Signs of being stuck:

  • Not presenting in monthly learning meetings (nothing new to share)
  • Study partner reports they're not engaging
  • Mentioned "too busy" multiple times in check-ins
  • Enrolled but seems to have forgotten about it

What to do:

  1. Check in privately: "How's the Academy going? Getting time to work on your course?"
  2. Identify the blocker: Time? Motivation? Technical issue? Course not relevant?
  3. Problem-solve together based on the specific issue
How to Handle Competing Priorities

Reality: Work deadlines will sometimes trump learning time.

Flexible approach:

  • Protected learning time is the default
  • Can be moved/shortened in genuine emergencies
  • Should return to normal schedule after emergency
  • Target completion dates can be extended (with discussion)

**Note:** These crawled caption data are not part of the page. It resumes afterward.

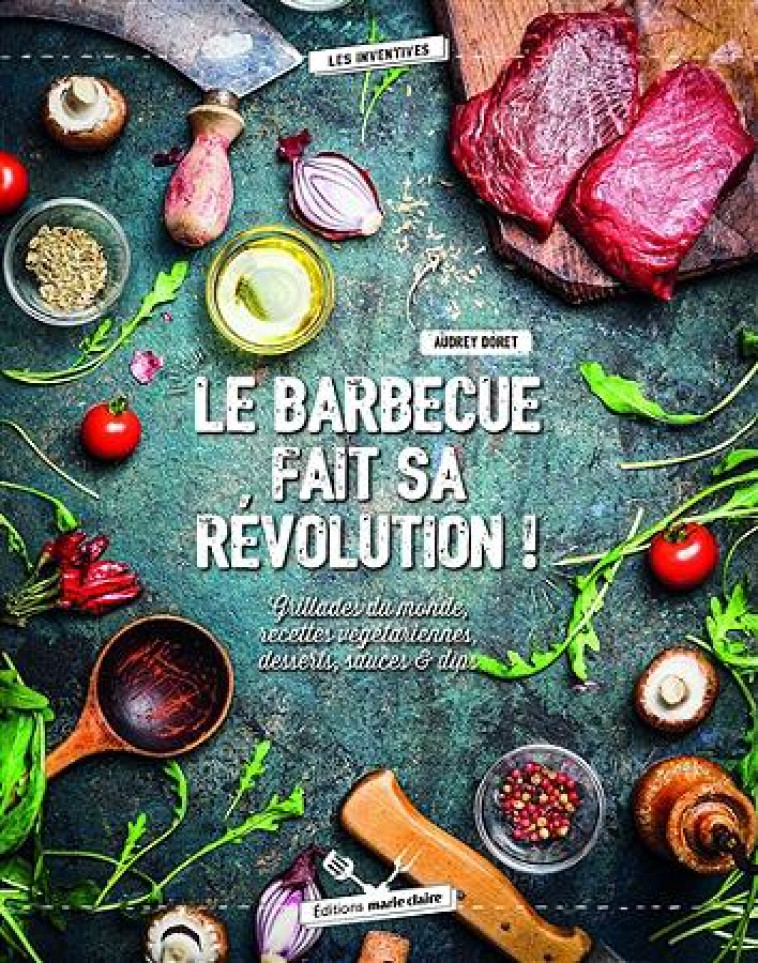 LE BARBECUE FAIT SA REVOLUTION ! GRILLADES DU MONDE, RECETTES VEGETARIENNES, DESSERTS, SAUCES ET DIPS - DORET AUDREY - Marie-Claire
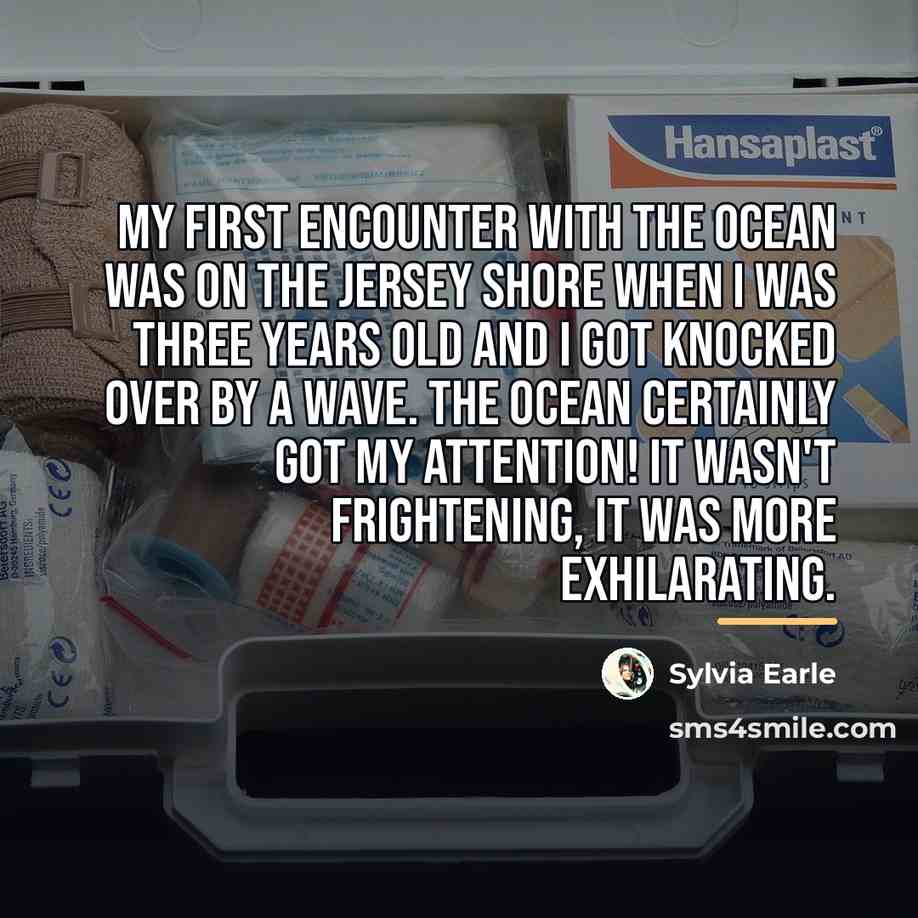 “My first encounter with the ocean was on the Jersey…” quote by Sylvia Earle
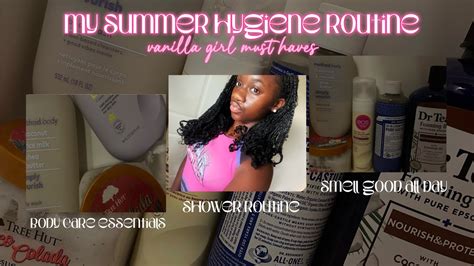 MY SUMMER FEMININE HYGIENE ROUTINE Vanilla Scents Shower Routine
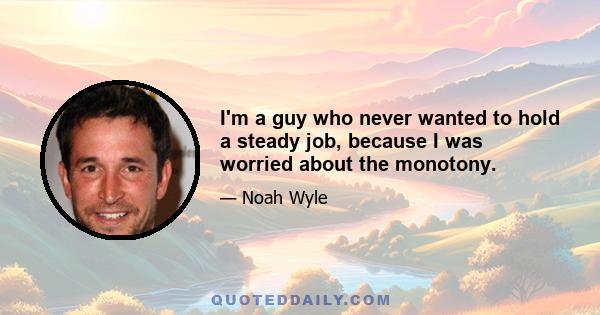 I'm a guy who never wanted to hold a steady job, because I was worried about the monotony.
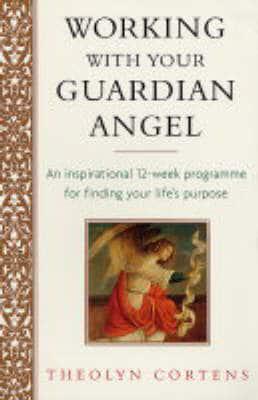 Working With Your Guardian Angel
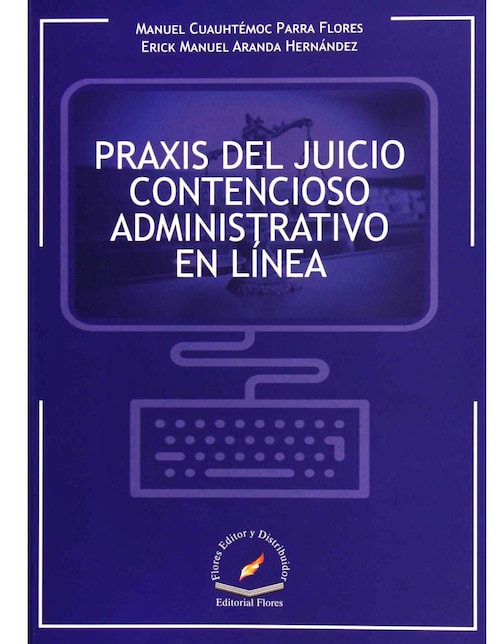 Imagen de producto Revista Praxis Del Juicio Contencioso Administrativo En Línea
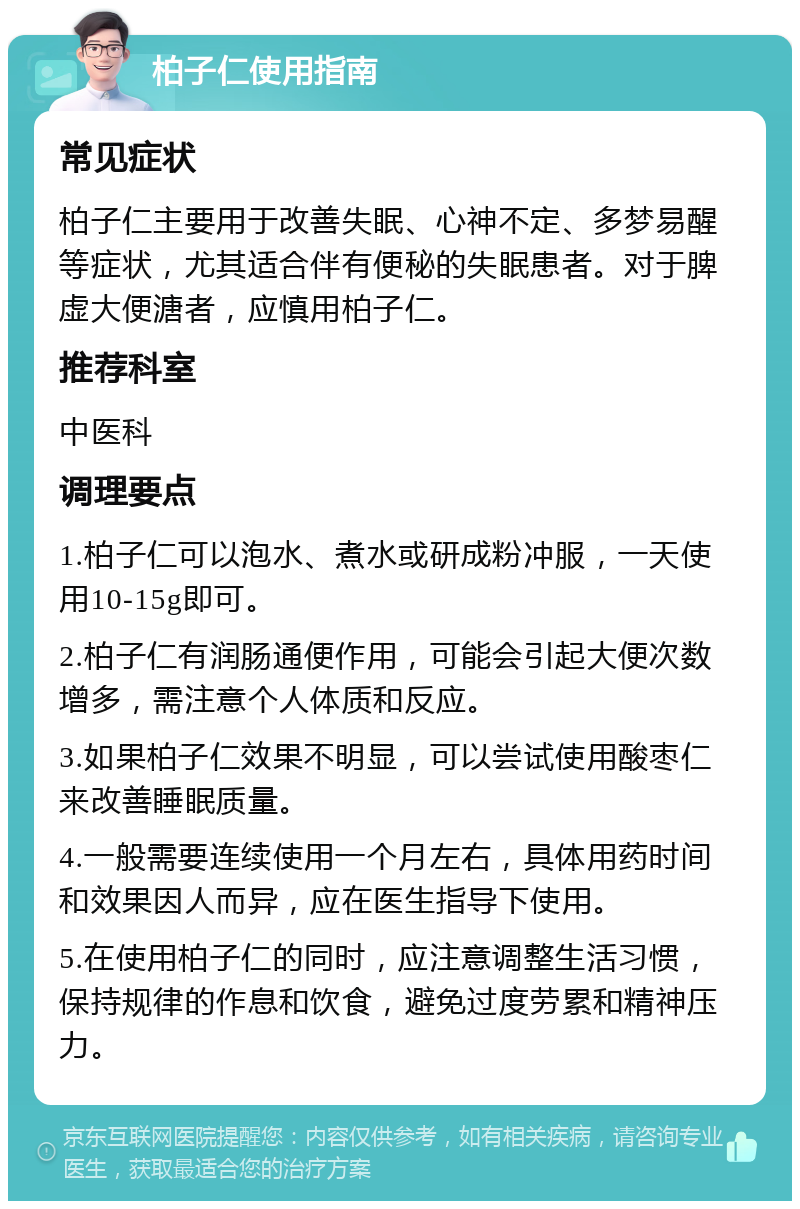 柏子仁使用指南 常见症状 柏子仁主要用于改善失眠、心神不定、多梦易醒等症状，尤其适合伴有便秘的失眠患者。对于脾虚大便溏者，应慎用柏子仁。 推荐科室 中医科 调理要点 1.柏子仁可以泡水、煮水或研成粉冲服，一天使用10-15g即可。 2.柏子仁有润肠通便作用，可能会引起大便次数增多，需注意个人体质和反应。 3.如果柏子仁效果不明显，可以尝试使用酸枣仁来改善睡眠质量。 4.一般需要连续使用一个月左右，具体用药时间和效果因人而异，应在医生指导下使用。 5.在使用柏子仁的同时，应注意调整生活习惯，保持规律的作息和饮食，避免过度劳累和精神压力。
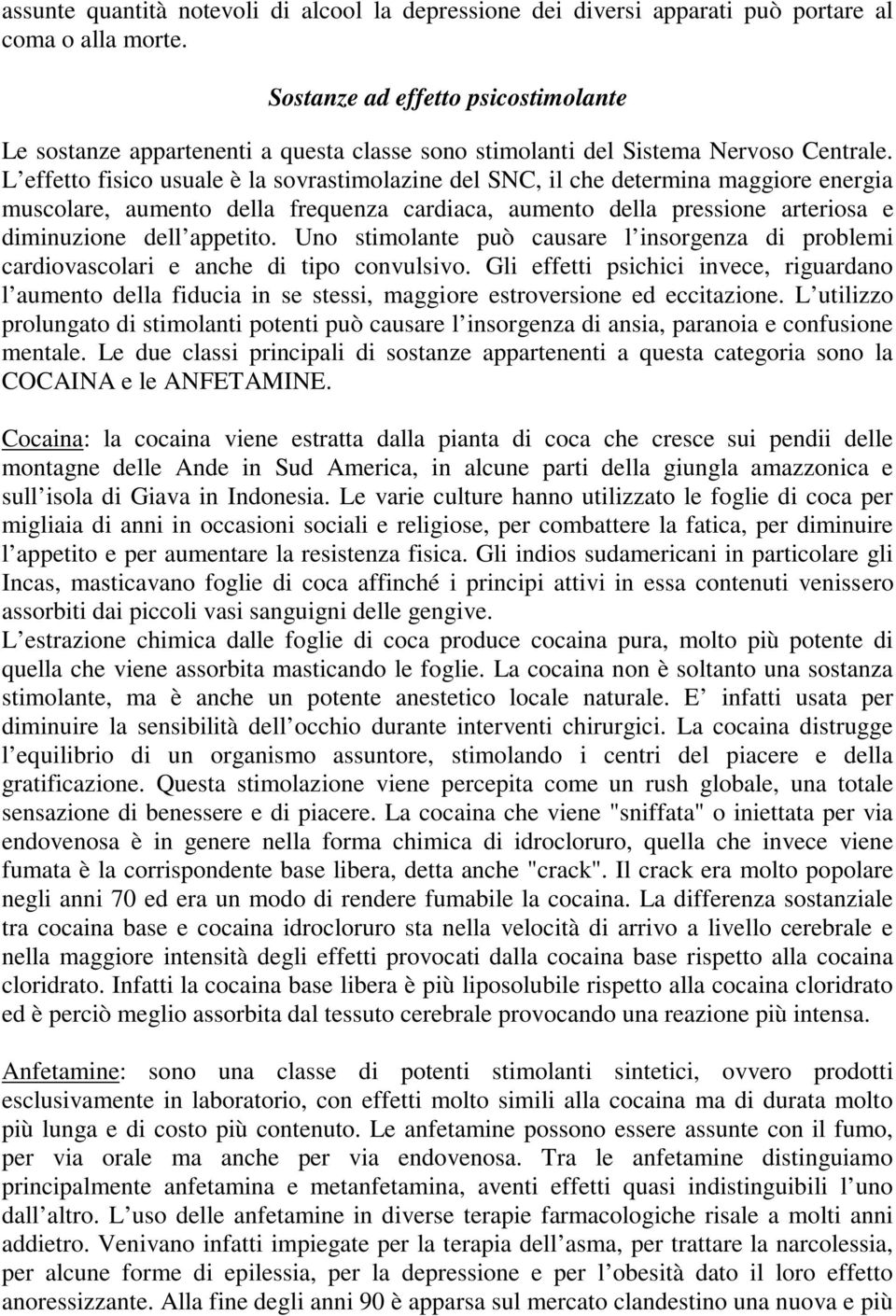 L effetto fisico usuale è la sovrastimolazine del SNC, il che determina maggiore energia muscolare, aumento della frequenza cardiaca, aumento della pressione arteriosa e diminuzione dell appetito.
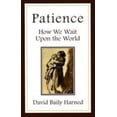 thumbnail image 1 of Pre-Owned Patience: How We Wait Upon the World (Paperback) 1561011479 9781561011476, 1 of 1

Red flag: If "emergency" becomes permanent, learning never happens. You need to protect the time.

When to Be Flexible vs. Firm

Be flexible:

  • Target completion dates (extend if needed)
  • Which course someone takes (their choice, with guidance)
  • Order of modules (some skip around based on immediate needs)
  • Pacing (some finish fast, some take longer)

Be firm:

  • Protected learning time exists (even if sometimes moved)
  • Monthly learning meetings happen (accountability system)
  • Application matters (learning for learning's sake isn't the goal)
  • Completion expected eventually (within reason—6 months for one course is generous)
6. Measuring Success
What Does Success Look Like?

Short-term (3 months):

  • 30-50% of team actively using the Academy
  • At least 2-3 people have completed a full course
  • Team members can name one thing they've applied from courses
  • Monthly learning meetings show steady engagement

Medium-term (6 months):

  • 50-70% of team has engaged with at least one course
  • 5-10 course completions across the team
  • Visible improvements in specific skills (better proposals, stronger M&E plans)
  • Learning integrated into project planning discussions

Long-term (12 months):

  • Academy referenced regularly in team meetings
  • New staff onboarding includes Academy orientation
  • Team capacity visibly stronger in key areas
  • ROI evident in project quality and donor feedback
Red Flags
  • Nobody has logged in after 2 months
  • Courses started but all abandoned at Module 2
  • Team sees it as "extra homework" not professional development
  • Manager hasn't mentioned it since launch announcement
7. Role-Based Learning Paths

Use these suggested paths for common roles:

New MEAL Coordinator
  1. MEAL Planning (start here)
  2. Theory of Change (understand logic models)
  3. Results-Based Management (deepen M&E knowledge)
  4. Professional Report Writing (communicate findings)
Project Manager
  1. Project Management (core skills)
  2. Stakeholder Management (navigate relationships)
  3. Risk Management (operational safety)
  4. Theory of Change (understand project logic)
Proposal Writer
  1. Project Design & Proposals (start here)
  2. Theory of Change (build logic models)
  3. Professional Report Writing (clear communication)
  4. Results-Based Management (indicators and frameworks)
Field Coordinator
  1. Risk Management (safety first)
  2. Stakeholder Management (community relations)
  3. Focus Group Discussions (community engagement)
  4. Project Management (operational skills)
Advocacy Officer
  1. Planning for Advocacy (start here)
  2. Stakeholder Management (coalition building)
  3. Professional Report Writing (policy briefs)
  4. Project Design & Proposals (campaign design)

These are suggestions, not requirements. Team members choose based on their actual needs.